[Stored entries]
··········
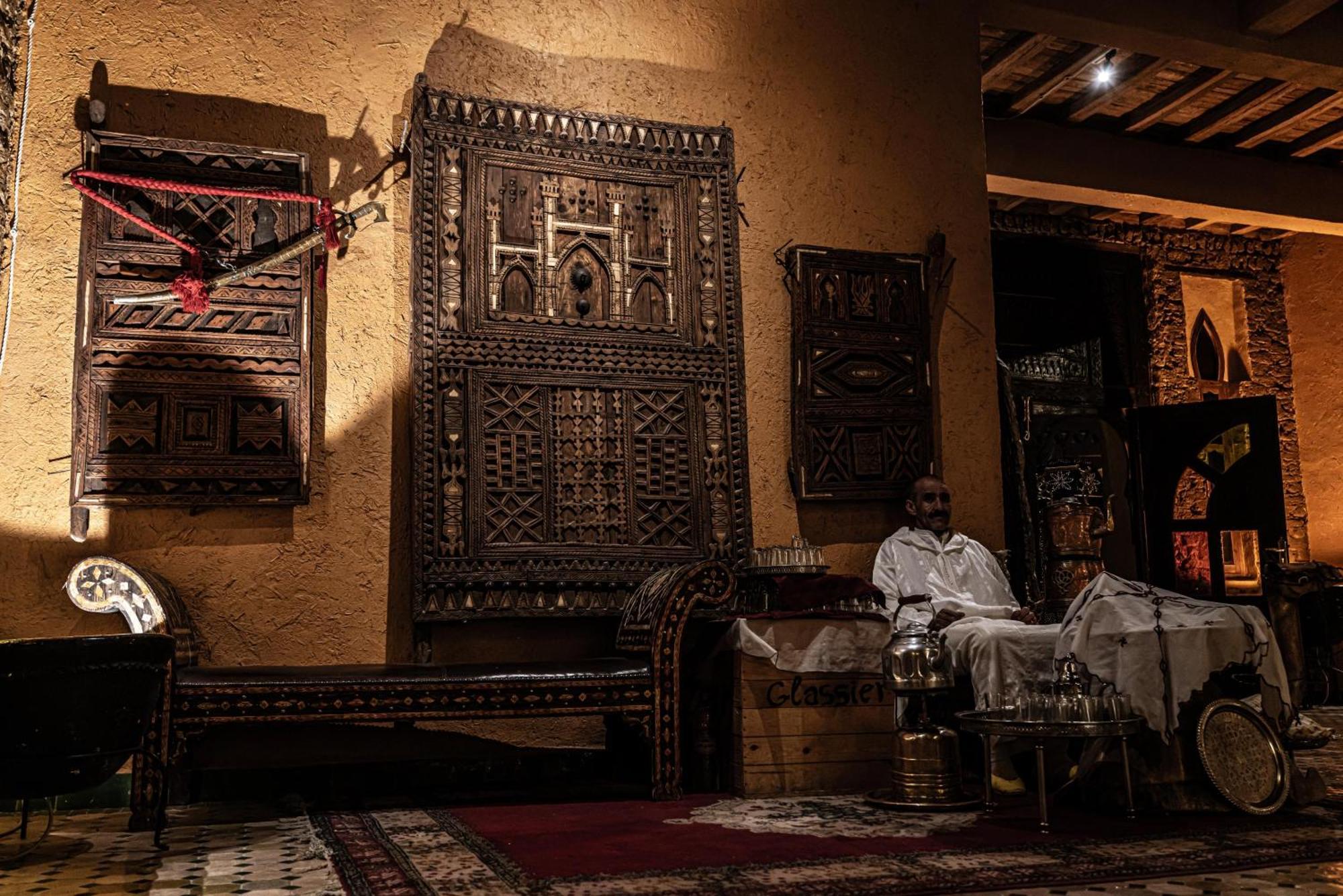 Kasbah Hotel Xaluca Arfoud Dış mekan fotoğraf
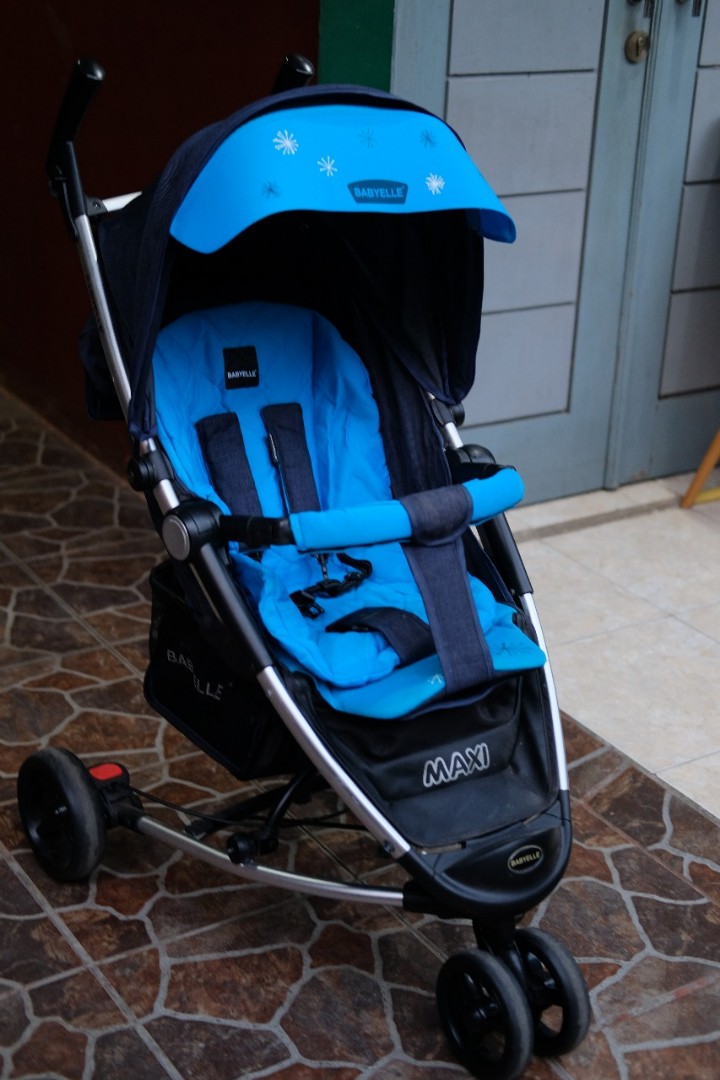 Baby elle maxi review best sale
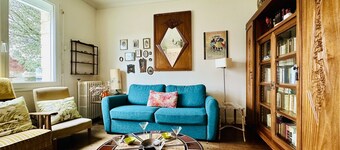 Family house "Le Clos", 4 bedrooms, Les Sables 11 people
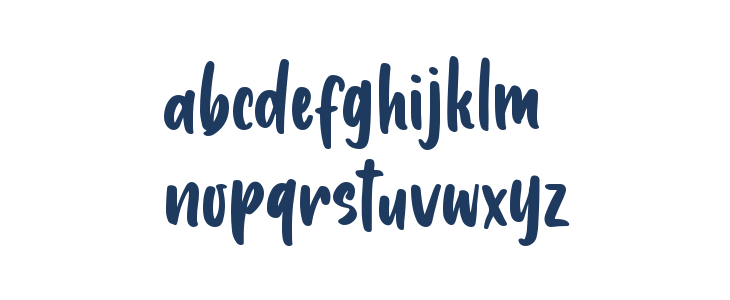 Lemon Sorbet Lowercase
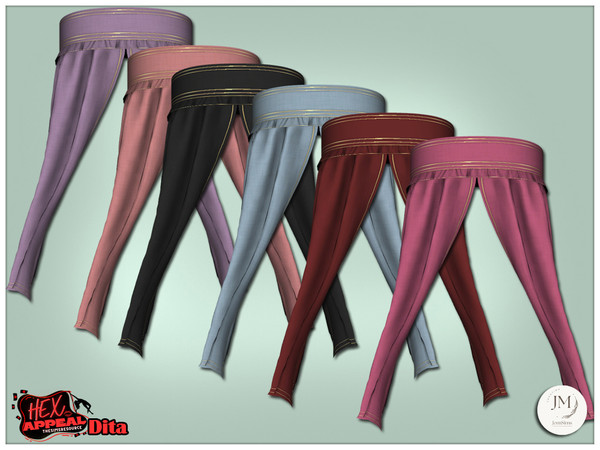 Sims 4 — Jomsims HexAppeal Dita canopy by jomsims — Bring a touch of sensual glamour to your Sims interiors with the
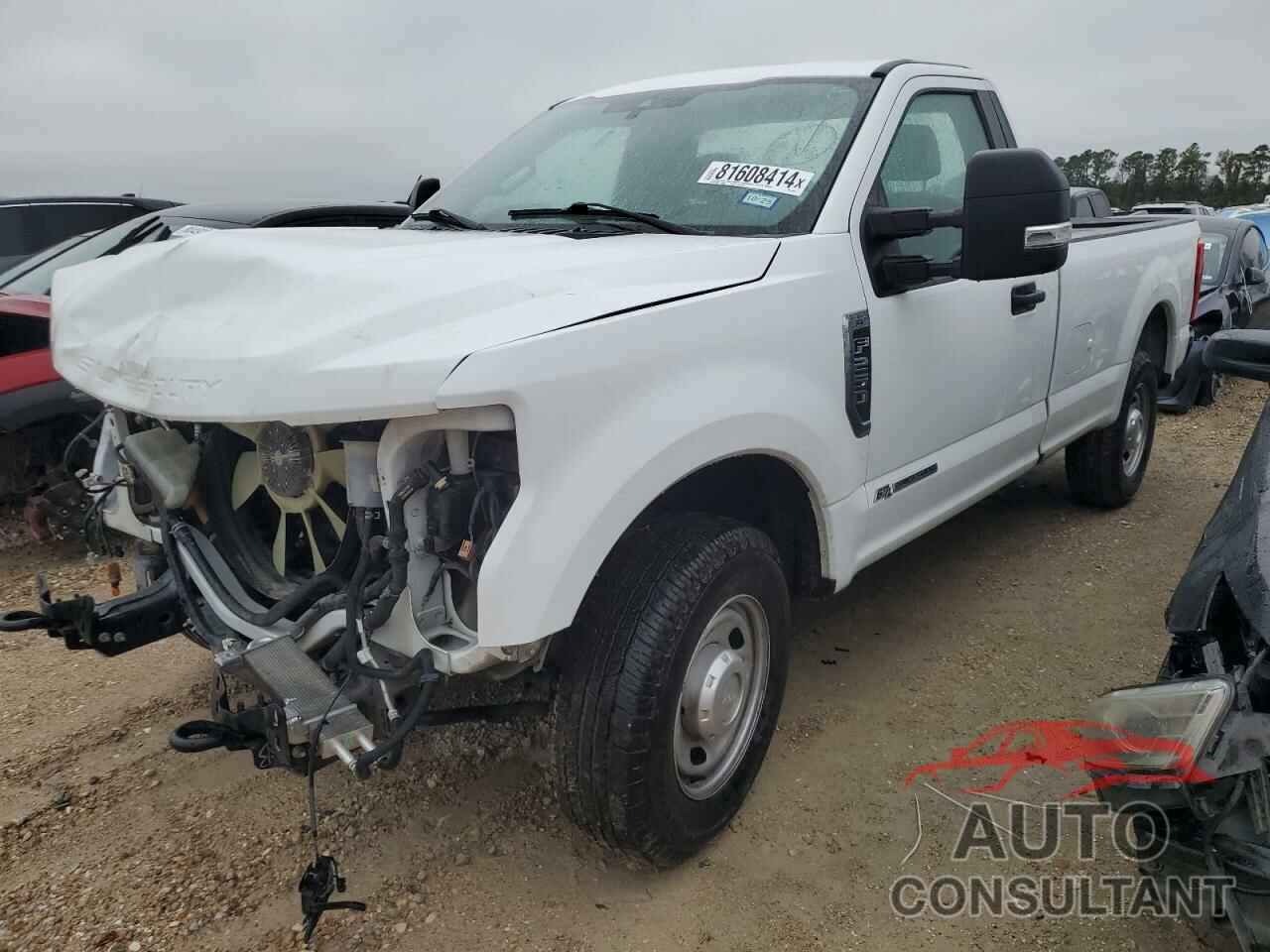 FORD F250 2022 - 1FTBF2AT6NED04116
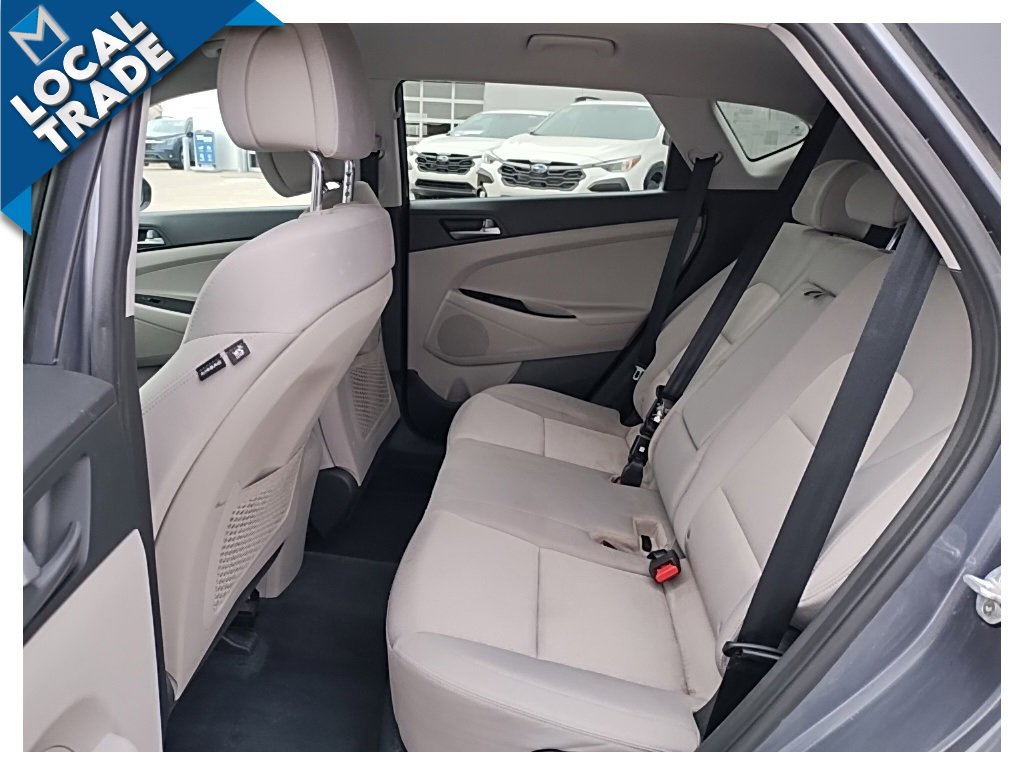 Used 2017 Hyundai Tucson SE image 40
··········
• [WHAT IS REQUIRED]
Reproduce nothing but the lines from the line containing "FORD F250 2022 - 1FTBF2AT6NED04116" through the last line of the data above, exactly as written and without pictures.

• [RESULT OF THIS EXERCISE]
 FORD F250 2022 - 1FTBF2AT6NED04116
 Used 2017 Hyundai Tucson SE image 40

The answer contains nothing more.